» **THE PROBLEM**:
Each line of the material must be reproduced exactly; pictures stay out.

» **DATASET EXCERPT**:
-------

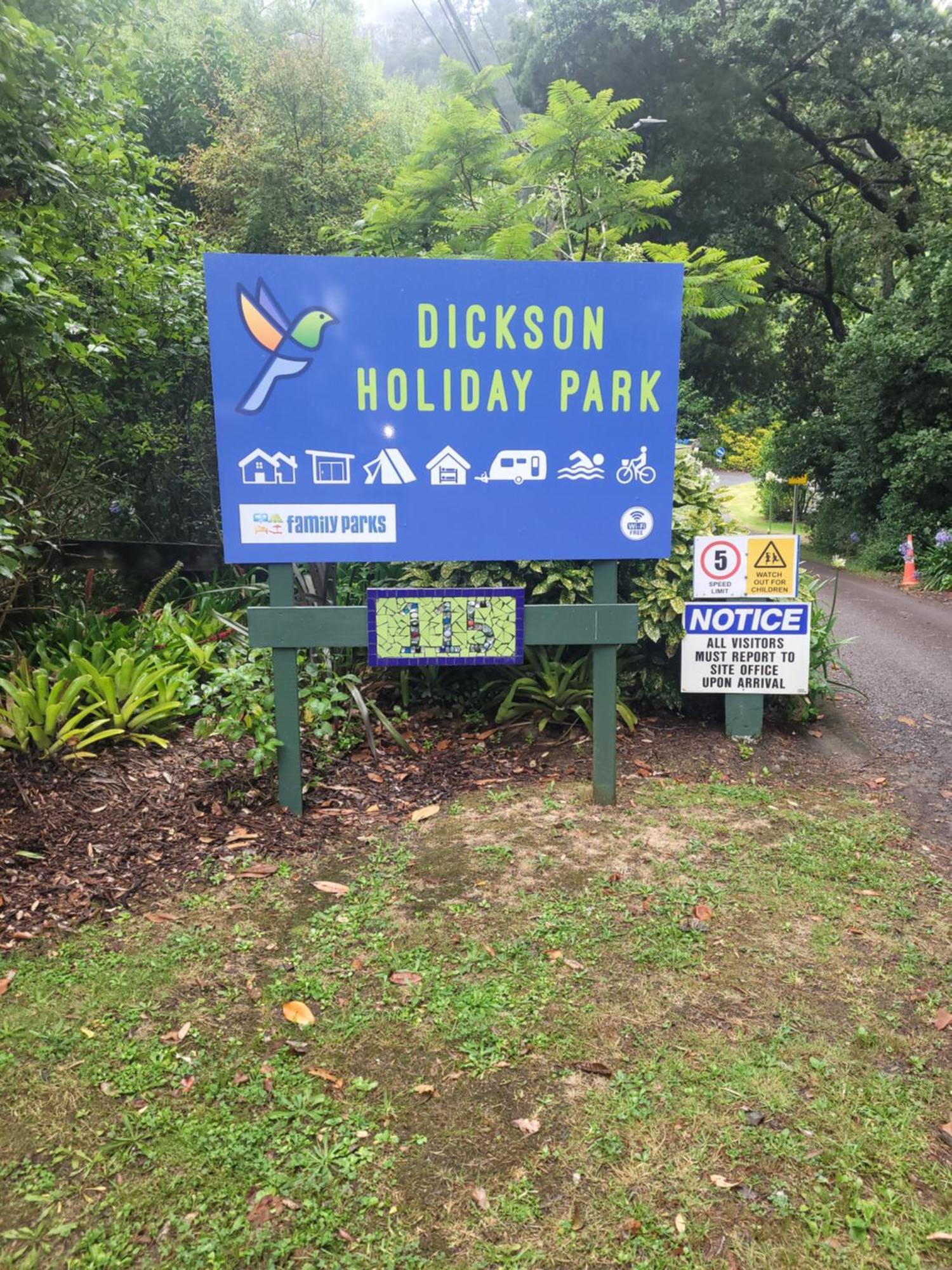 Dickson Holiday Park Thames Exterior foto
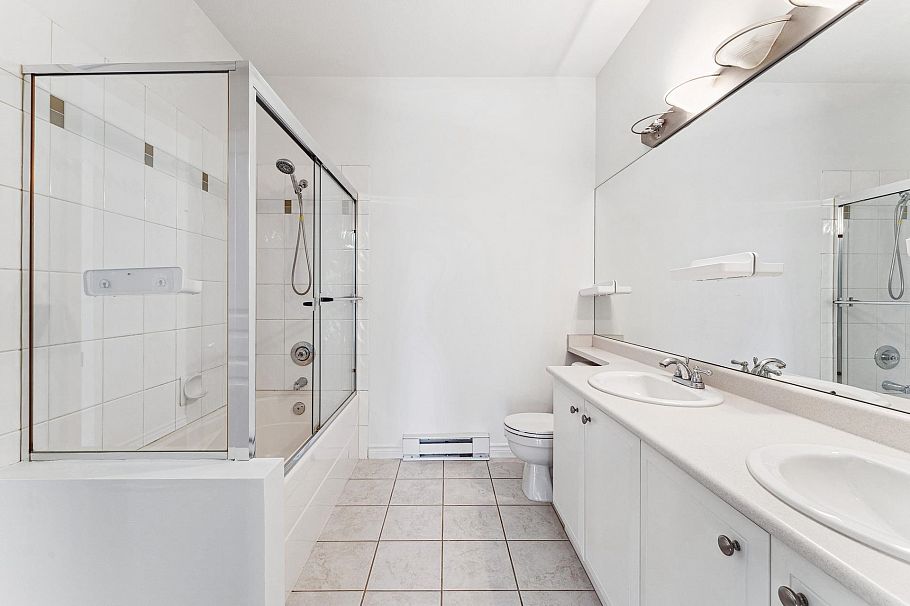 1 995 Lynn Valley Road North Vancouver, BC - 16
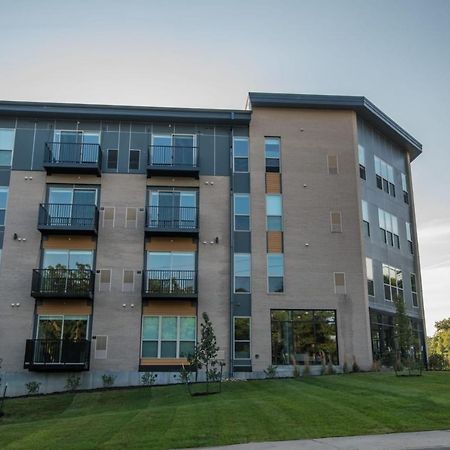 Frontdesk Core Apts Campustown Ames Exteriör bild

-------

» **RESPONSE TO THE EXERCISE**:
 Dickson Holiday Park Thames Exterior foto
 1 995 Lynn Valley Road North Vancouver, BC - 16
 Frontdesk Core Apts Campustown Ames Exteriör bild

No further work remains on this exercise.